2. What country of origin marking requirements apply to its
tube and other packaging?
LAW AND ANALYSIS:
Section 304 of the Tariff Act of 1930, as amended (19 U.S.C.
1304), provides that, unless excepted, every article of foreign
origin imported into the U.S. shall be marked in a conspicuous
place as legibly, indelibly, and permanently as the nature of the
article (or container) will permit, in such a manner as to
indicate to the ultimate purchaser in the U.S. the English name
of the country of origin of the article. Part 134, Customs
Regulations (19 CFR Part 134), implements the country of origin
marking requirements and exceptions of 19 U.S.C. 1304.

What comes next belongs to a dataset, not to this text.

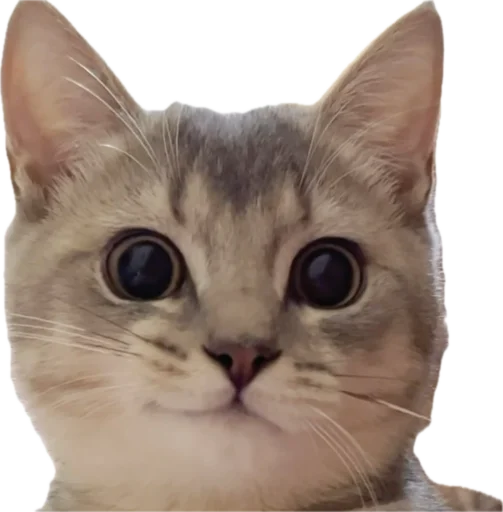 Стикер jojapack - 1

For purposes of 19 U.S.C. 1304, the country of origin of an
article is considered to be the country where it was
manufactured, produced, or grown, unless thereafter in another
country the article undergoes processing which results in a
substantial transformation, in which case the latter country
becomes the country of origin. 19 CFR 134.1(b). A substantial
transformation is said to occur when, within the principle of the
case of United States v. Gibson-Thomsen Co. Inc., 27 C.C.P.A. 267
(C.A.D. 98)(1940), processing results in an article having a new
name, character, or use. 19 CFR 134.35.
Here, it is our opinion that production of the cream hair
color in [A ] effects a substantial transformation of the
ingredients, including the ingredients of [B ] origin, such
that the hair color is a product of [ A ] for country of origin
marking purposes. The relatively large number of ingredients (10
or more), together with the complexity of the production process,
indicate that the constituents lose their separate identities
when combined into the new article. Customs has held recently
that even the blending of relatively similar products - flowers
and plant materials - to produce a potpourri, was sufficient to
effect substantial transformation of the constituents.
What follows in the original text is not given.